If a photon has no rest mass how could it be affected by Newtonian gravity? Isn't a zero mass going to kinda blow up the equations?
If you think of mass as a substance, as was the case within Newtonian mechanics, then that is an inportent distinction.
However, if you think about mass as it is described today, a small part emerges from fundamental particle interactions with the Higgs mechanism and the rest may emerge from the motion of complex charged particles and atoms through the ZPF. In both of these cases mass is not a defined substance. Instead it is an emergent phenomena... And photons while they have no rest mass contribute to and are affected by, the overall gravitational mass of a system.
Part of the problem that comes up in this type of discussion is that the definitions of mass and inertial are intertwined and too often, though we generally make the transition to a post Einstein relativistic view, we very often hold on to the everyday and old Newtonian concepts and definitions of mass and inertia.
The truth is that we really have no clear and definite definition of what mass is. Is it a fundamental component of objects, or perhaps a phenomena, which emerges from the interaction between objects?
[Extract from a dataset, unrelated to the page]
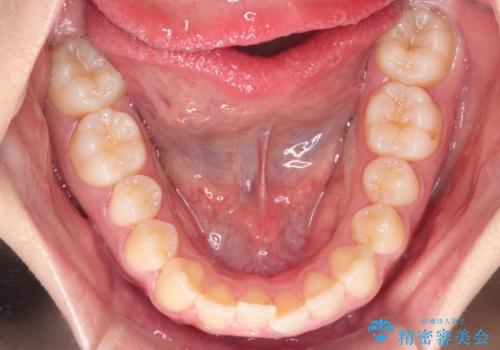 下顎前歯の叢生をインビザラインで改善|目立たず整った歯並びへの治療前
Or perhaps as some would suggest, even the interaction between objects and the ZPF, which itself might be thought of as, the "substance" of space/space-time itself?
If the Higgs boson and the the Higgs mechanism are in fact confirmed, it may lend more credibility to the second explanation and a definition of mass as an emergent phenomena, rather than fundamental "substance".
The case for a quantum source of gravity seems a harder nut to crack. Still there are those who continue work in that direction.